Ah, I guess that should be 192.168.8.1 in my case:

Right, I won´t give a listeaddress to that.

Thanks a lot, Neville.

Many greetings from Rosika

nevj · April 14, 2024, 1:08pm

Right, leave it out… the same as you leave out every other
address on the internet. Then nothing can use your sshd except your computer.and your VM’s.
I thought you had a laptop too?

Rosika · April 14, 2024, 1:18pm

Yes, you´re right, Neville.

But I don´t usually run it in the same network as my main PC.
Mostly - when doing updates, and if I don´t have enough data available using the stick - I do the updates for the laptop via smartphone tethering.

But now that I come to think of it, you are right.
I should put the laptop´s IP address in /etc/ssh/sshd_config. Just in case.

At times I might want to access the internet from the laptop via the hotspot I configured for the PC.

Thanks for reminding me of it.
Cheers from Rosika

nevj · April 14, 2024, 1:22pm

If you change anything, you have to remember to update
the sshd_config. Otherwise things will mysteriously stop working.

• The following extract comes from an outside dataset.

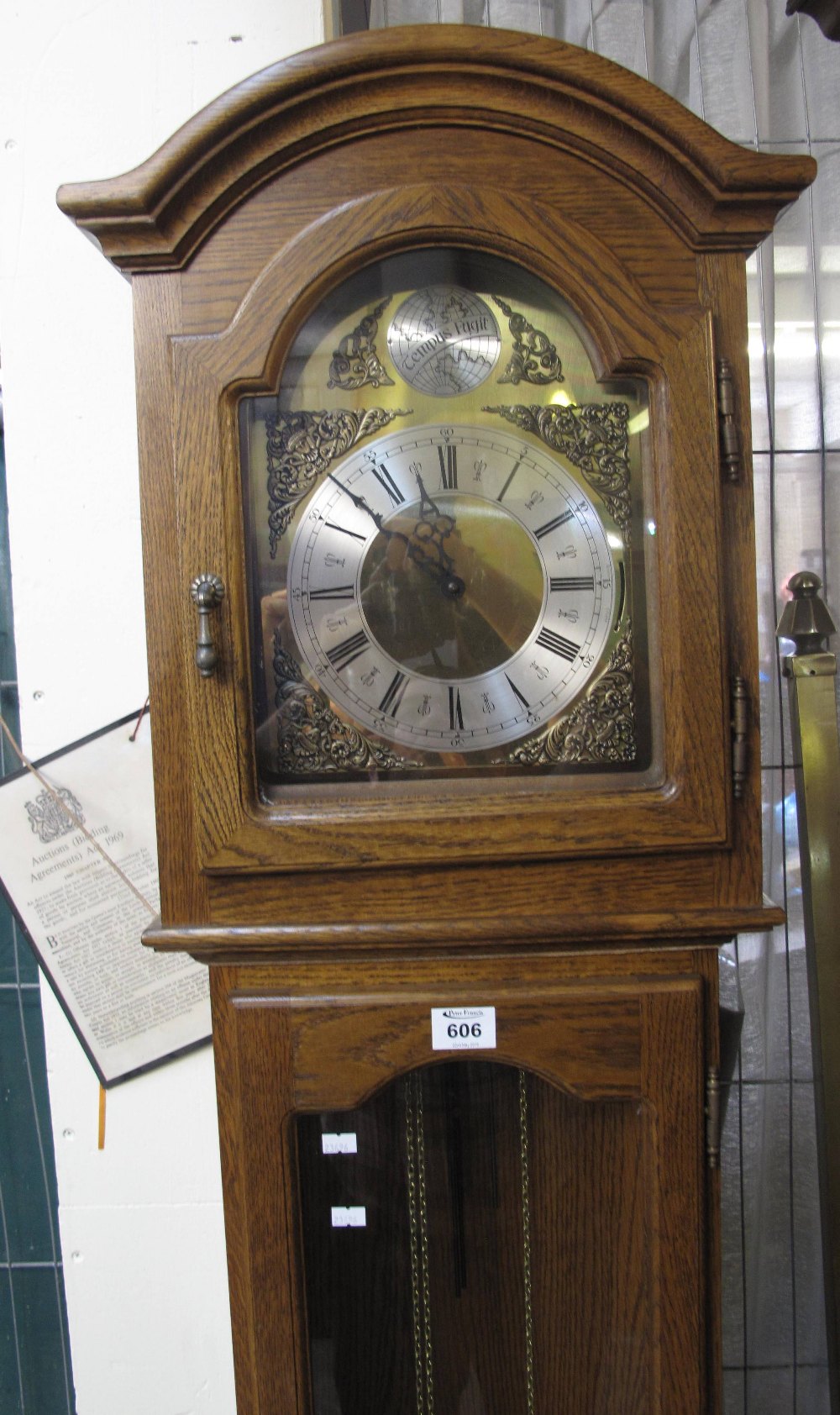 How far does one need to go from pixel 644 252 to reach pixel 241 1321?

Rosika · April 14, 2024, 1:24pm

Thanks Neville,

You mean by executing the command sudo systemctl restart sshd, right

nevj · April 14, 2024, 1:39pm

Hi Rosika,
Sorry , I did not explain properly.
I mean if you change any IP numbers, you need to edit
the sshd_config file.
Its a trap. It is easy to forget.

Regards
Neville

Rosika · April 14, 2024, 1:44pm

I see, Neville.
Thanks for the clarification. It´s highly appreciated.

Many greetings from Rosika

don.karon · April 15, 2024, 2:02pm

Certain groups of IP addresses are reserved for specific uses. The address range 192.168.0.0–192.168.255.255 is for communications within a private network. They do not come from your internet provider. They may be assigned by your router or you can assign them manually.

Don

Rosika · April 15, 2024, 2:12pm

Hi Don,

thanks a lot for the additional information and the very informative link.
Much appreciated.

Many greetings from Rosika

nevj · April 15, 2024, 5:58pm

Hi Don,
Are you saying that if the modem has an address within
this range, then a packet coming from that address can not have originated from the internet?
I thought that , because of IP masquerading, a package
originating from the internet could appear to come from the modem address? Am I wrong there?

Regards
Neville

don.karon · April 15, 2024, 7:16pm

Yes, as best I understand it you are correct: a packet in that address range can only come from within your network. Inbound traffic from the internet sees only your public IP address.

But who knows what hackers can do these days?

don.karon · April 15, 2024, 7:31pm

It’s your router that assigns the 192.168.x.x addresses. I don’t think an outside computer can specify a specific address that falls within the reserved list.